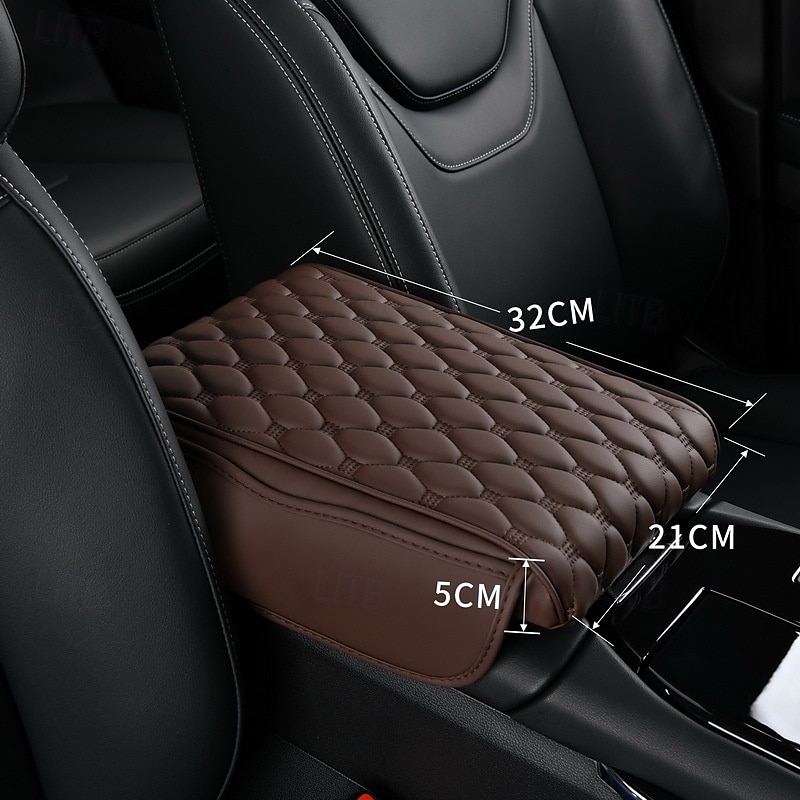 Bracciolo in memory foam per auto, cuscino per console centrale con tasca portaoggetti, porta telefono, scatola per fazzoletti, supporto per gomiti per il comfort di guida del 2025 a $10.99 –P1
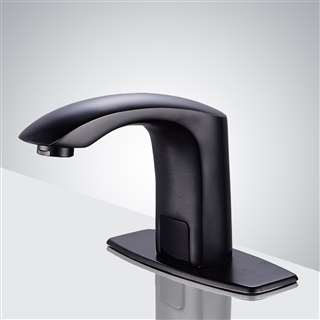 Naples Matte Black Commercial Automatic Motion Sensor Faucet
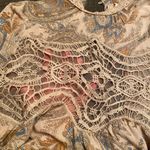 Free People Paisley Long Sleeve Top - Cream, Blue, Brown Photo 3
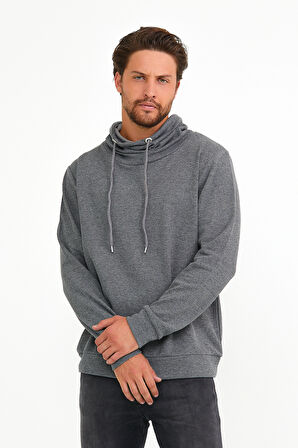 Süperlife Erkek Şal Yaka Regular Fit Brooklyn İnce Sweatshirt SPR22SW142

_____

**Exercise instructions:**
Excluding pictures, print all lines above exactly.

**Response to the task:**
 Bracciolo in memory foam per auto, cuscino per console centrale con tasca portaoggetti, porta telefono, scatola per fazzoletti, supporto per gomiti per il comfort di guida del 2025 a $10.99 –P1
 Naples Matte Black Commercial Automatic Motion Sensor Faucet
 Free People Paisley Long Sleeve Top - Cream, Blue, Brown Photo 3
 Süperlife Erkek Şal Yaka Regular Fit Brooklyn İnce Sweatshirt SPR22SW142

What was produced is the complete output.